Task to complete: Starting at the line that contains "Résumé fond de" and ending at the line that contains "Cama para mascota", the lines below are to be given again exactly, with nothing added.

Source data:
======
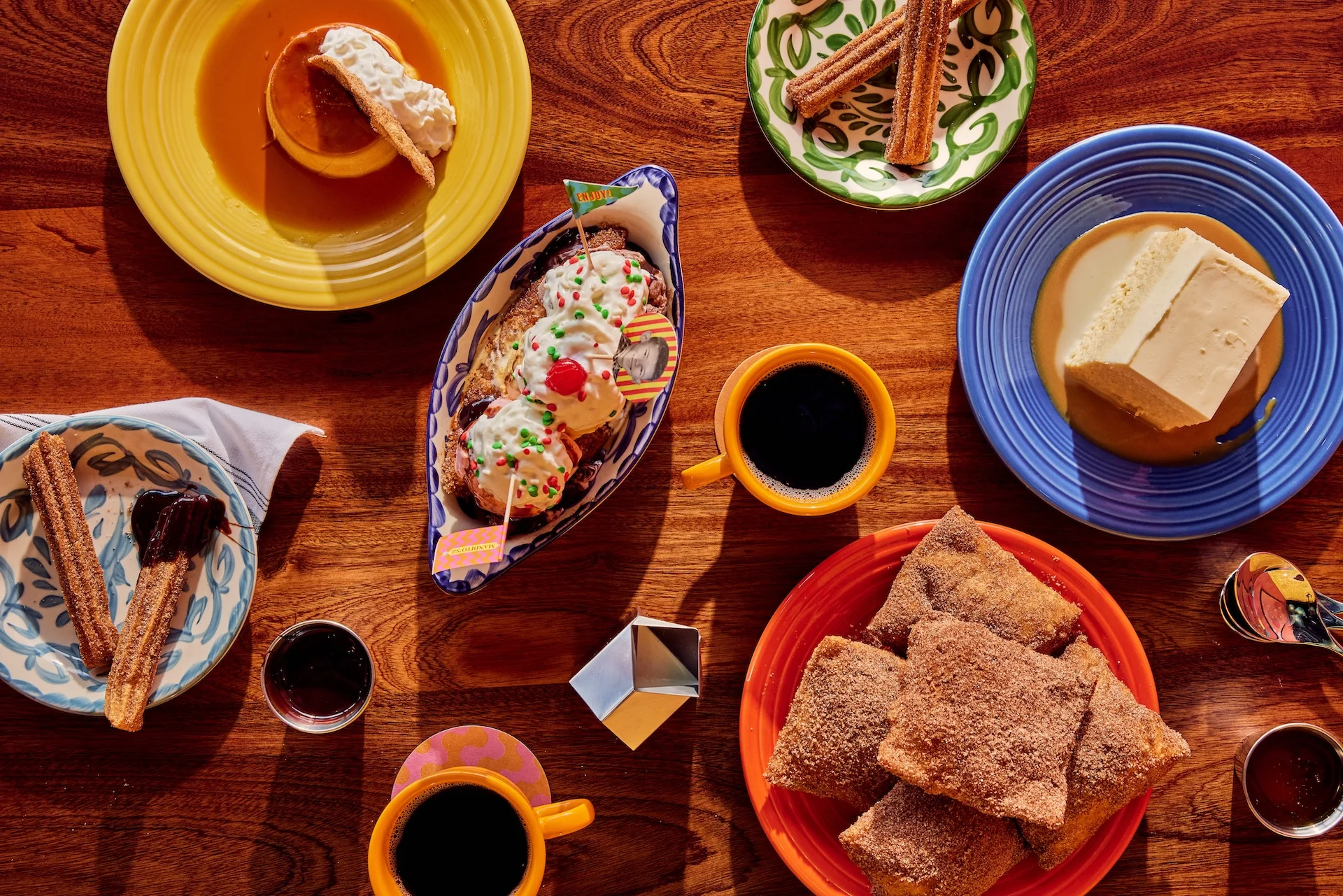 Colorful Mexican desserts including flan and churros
======
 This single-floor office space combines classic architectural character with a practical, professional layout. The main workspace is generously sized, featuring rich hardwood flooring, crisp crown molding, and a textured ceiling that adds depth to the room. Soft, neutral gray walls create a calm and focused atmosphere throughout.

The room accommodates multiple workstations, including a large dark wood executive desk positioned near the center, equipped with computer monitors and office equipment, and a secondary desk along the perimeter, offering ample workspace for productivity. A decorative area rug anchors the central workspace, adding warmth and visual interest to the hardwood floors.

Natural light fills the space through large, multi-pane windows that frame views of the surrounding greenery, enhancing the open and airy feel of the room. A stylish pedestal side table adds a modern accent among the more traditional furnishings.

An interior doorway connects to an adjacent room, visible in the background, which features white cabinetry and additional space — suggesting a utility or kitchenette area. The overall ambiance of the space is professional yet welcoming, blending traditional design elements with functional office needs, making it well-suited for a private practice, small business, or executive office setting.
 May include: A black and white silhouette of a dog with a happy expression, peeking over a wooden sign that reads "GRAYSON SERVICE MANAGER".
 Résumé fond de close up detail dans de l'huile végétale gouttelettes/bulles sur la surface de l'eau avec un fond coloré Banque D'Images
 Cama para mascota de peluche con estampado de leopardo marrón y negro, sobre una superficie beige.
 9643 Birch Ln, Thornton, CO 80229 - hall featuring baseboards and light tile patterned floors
======
Result of the task:
 Résumé fond de close up detail dans de l'huile végétale gouttelettes/bulles sur la surface de l'eau avec un fond coloré Banque D'Images
 Cama para mascota de peluche con estampado de leopardo marrón y negro, sobre una superficie beige.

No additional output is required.